In a related development, Atiku is also headlining a festival in his maternal homeland, Otta, Ogun State, called Odun Gelede Festival, which kicked off on December 4 and will run till December 12, 2021. On December 4/5, the ‘Ere Efe/Ibere Odun’ will be held; on December 6/7, it will be ‘Eji Odun/Eta Odun’ while on December 11/12, it will be ‘Ijo Gelede Ode Oruba Otta’.
Atiku explained the significance of ‘Gelede’ festival to Otta people, saying, ”It’s a way of showing or venerating the energy and power of women in the community, and also to connect to the power of ‘ase’ (power or energy of manifestation) embodied in women. And it emanates from the understanding that the human family starts from the womenfolk. And so they use ‘Gelede’ to celebrate the power of women.”
He also said he would play a part in the festival because ”all men are also connected to that power” that emanates from women, as no man would exist without a woman as agency of birth.
”You and I came into being through women,” he said. ”You and I lived inside of them for nine months before coming into the world, and so that makes us to connect with them. So one way or the other, we’re connected to that power. So the festival is the carrier and essence of all that women embody.”

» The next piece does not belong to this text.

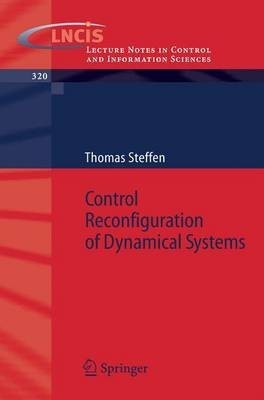 Control Reconfiguration of Dynamical Systems(English, Paperback, Steffen Thomas)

However, in spite of ‘Gelede’ venerating women it would seem contradictory that women are denied political power in society. But Atiku thinks otherwise and believes Africa’s one-sided encounter with the west is to blame for reducing staure of women in the social engineering of modern African societies.
Accordong to him, ”It’s a contradiction that was set in by the colonial masters, because the religion of the colonial masters did and does not recognise the power of women, and that’s why in Islam, women cannot lead prayers. So the colonial masters brought their own sentiments that supppressed the power of women and that sipped into African social fabric, in Yoruba, for example, to taint the indigenous ways of life. ‘Gelede’ is an indigenous festival. This shows to you that the indigenous people understand that power, that the centrality of their own being is woven around the womenfolk.

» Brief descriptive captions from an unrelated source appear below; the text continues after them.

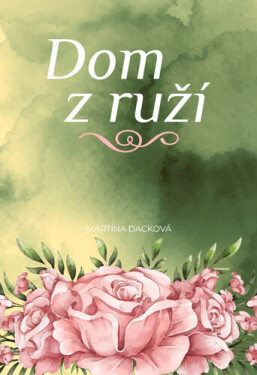 Dom z ruží - Martina Dacková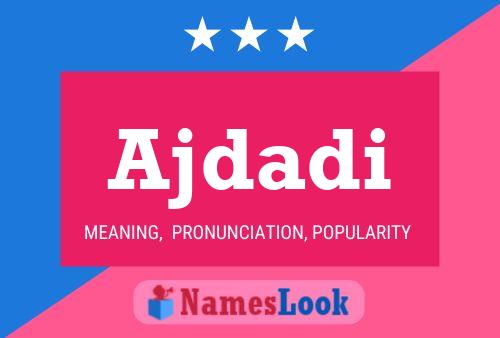 Ajdadi Name Poster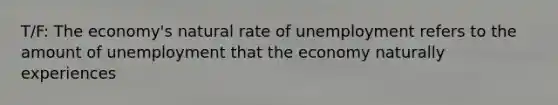 T/F: The economy's natural rate of unemployment refers to the amount of unemployment that the economy naturally experiences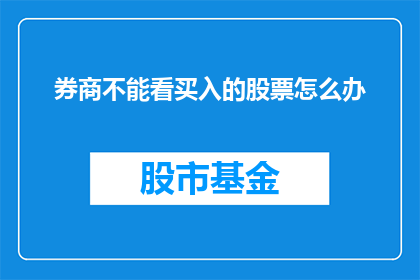 券商不能看买入的股票怎么办(如果券商不允许查看买入的股票，投资者应该如何应对？)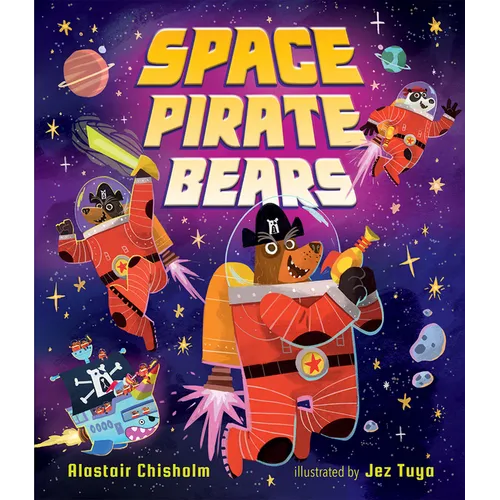Space Pirate Bears - Hardcover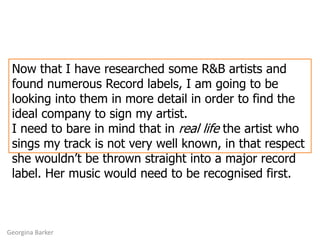 Now that I have researched some R&B artists and found numerous Record labels, I am going to be looking into them in more detail in order to find the ideal company to sign my artist. I need to bare in mind that in real life the artist who sings my track is not very well known, in that respect she wouldn’t be thrown straight into a major record label. Her music would need to be recognised first. Georgina Barker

”For example, in Otta where the festival is being held, during the Dahomey War, it was that mask that helped the people to win that war. As a matter of fact, in my own family they have one of the headdresses of ‘Gelede’ they call it ‘Agbara Dahomey’, which is the power that ended the Dahomey War. That means it’s the power of the women; that means they understood that for you to survive in the war, you must appeal every time to the women power which starts from your mother, because you’re connected to that energy, because we were in our mother’s womb; it becomes the power that brings us into the world. And that’s exactly what the ‘Gelede’ energy and festival talk about.”
Atiku further explained that although a woman may not have ascended unto political power such as king or oba as a consequence in Otta or elsewhere in Yoruba land for that matter, the role of women as agency of birth is not to be discounted.

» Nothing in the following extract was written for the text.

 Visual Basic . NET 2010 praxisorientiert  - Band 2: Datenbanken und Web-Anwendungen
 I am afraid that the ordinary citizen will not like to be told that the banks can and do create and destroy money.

”Women surely have political roles to play,” he explained, ”although we get a lot of misconceptions in how some of these things work, especially the indigenous political system alongside democracy. No, it’s not. The oba of a community in Yoruba does not have the same absolute power like the governor or president; no. He does not have such power. The oba is specifically for the male, but the female can even exercise power that surpasses the king’s. For example in my community in Ejigbo in Lagos, we have the ‘ileba’ or what the oyibo call ‘shrine’; the king or oba cannot offer prayers there. It’s the custodian of that shrine, a woman, who offers prayers there. If the kings goes there to offer prayers, he will die; that’s how the rules are.
”It’s a women who must occupy the highest (spiritual) power there; she is the one who offers prayers for the king. She must be the one who presides when he’s to be crowned king at the shrine. That woman must say ‘yes, this man is fit to become the king’ or he does not become king. So the woman has the highest authority to say ‘no, you cannot be king’! So, it’s interwoven; but when you’re looking at it from the point that a woman must be king; no, our structure is not built like that.”